══ RECORDS FOR THIS EXERCISE

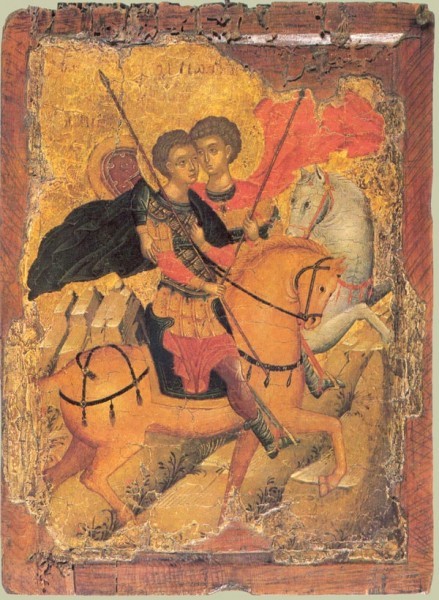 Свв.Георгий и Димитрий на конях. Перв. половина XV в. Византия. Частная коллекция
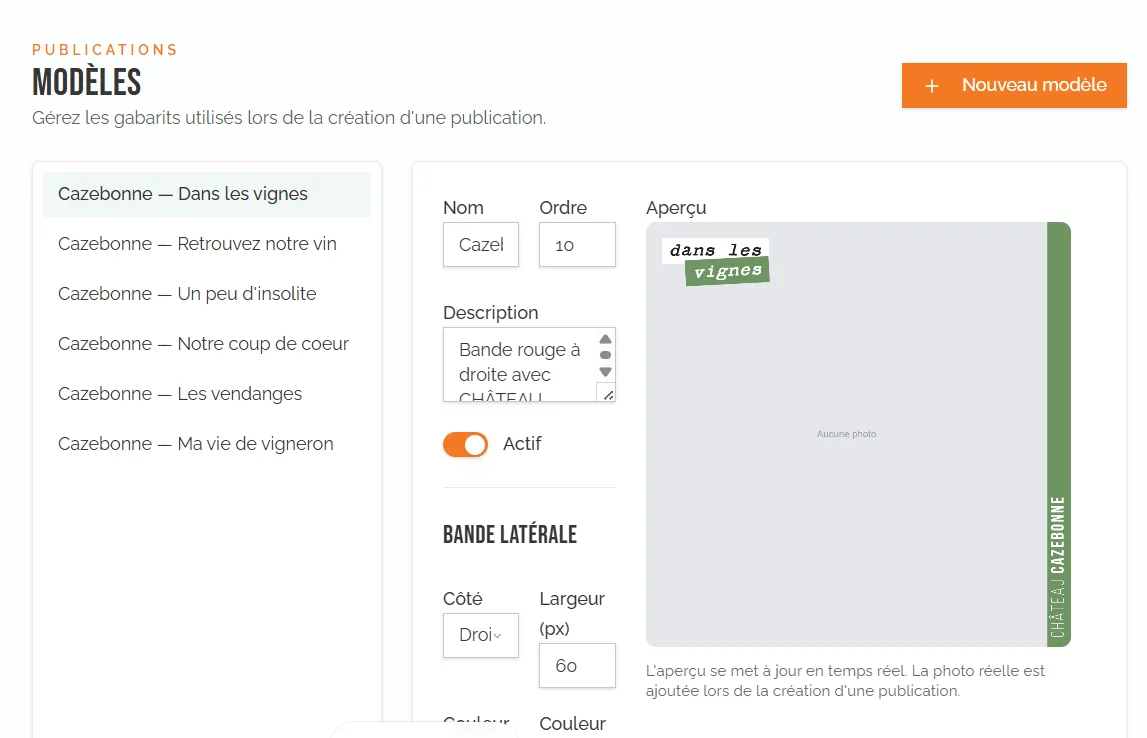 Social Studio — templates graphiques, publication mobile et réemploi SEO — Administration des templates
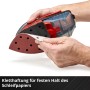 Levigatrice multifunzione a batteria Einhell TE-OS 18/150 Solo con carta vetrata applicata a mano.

════
══ RECORDS FOR THIS EXERCISE

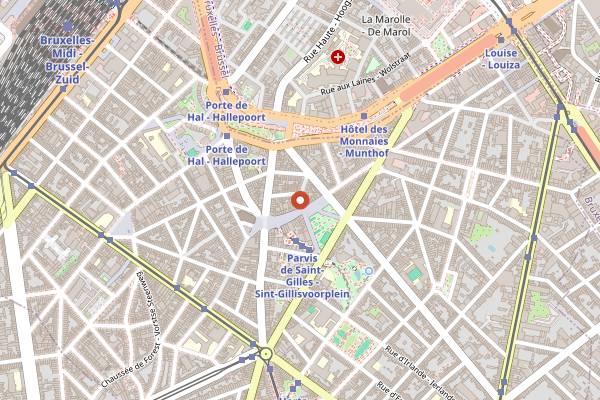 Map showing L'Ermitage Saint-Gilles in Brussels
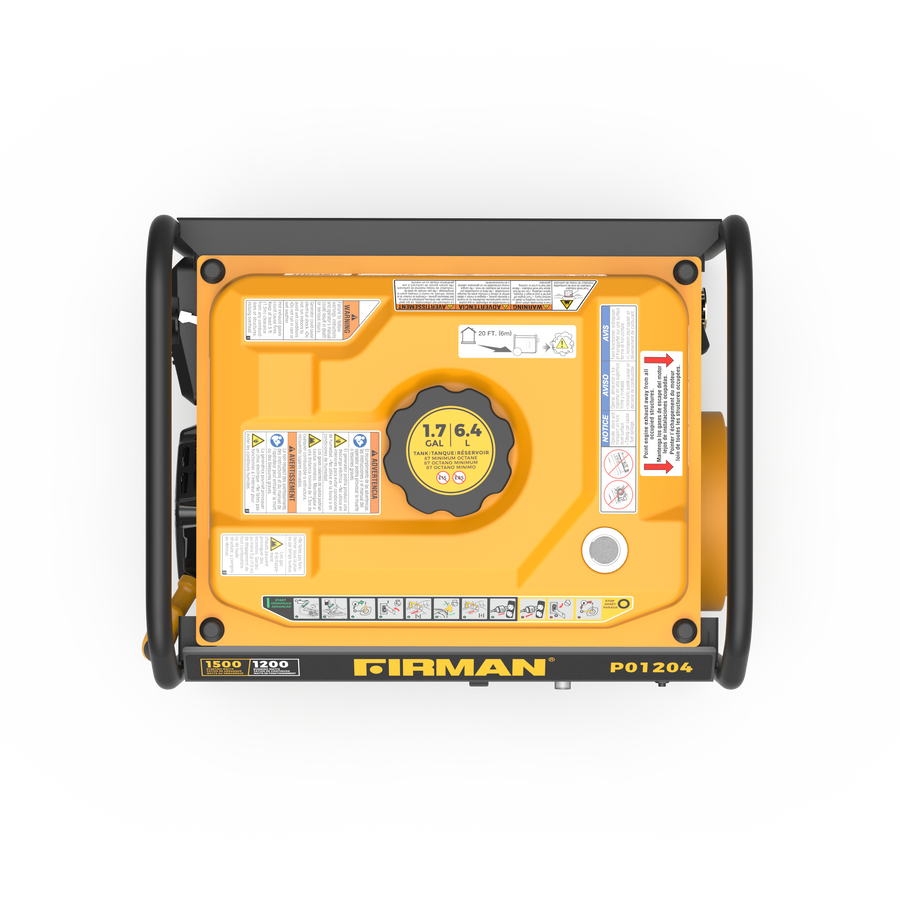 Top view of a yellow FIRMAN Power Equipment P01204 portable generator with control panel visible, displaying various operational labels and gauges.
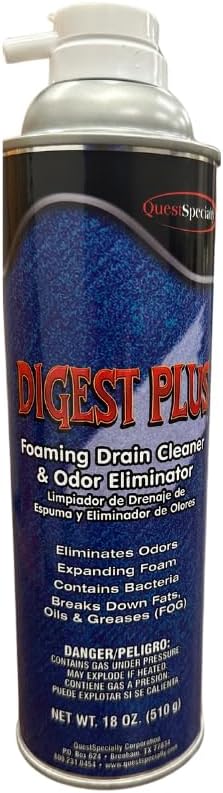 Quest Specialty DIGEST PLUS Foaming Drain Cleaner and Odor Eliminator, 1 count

════

* WORK REQUIRED: Using the data above, return the lines from the one holding "Social Studio —" through the one holding "Levigatrice multifunzione a" exactly, but not the pictures.

* EXERCISE OUTPUT:
 Social Studio — templates graphiques, publication mobile et réemploi SEO — Administration des templates
 Levigatrice multifunzione a batteria Einhell TE-OS 18/150 Solo con carta vetrata applicata a mano.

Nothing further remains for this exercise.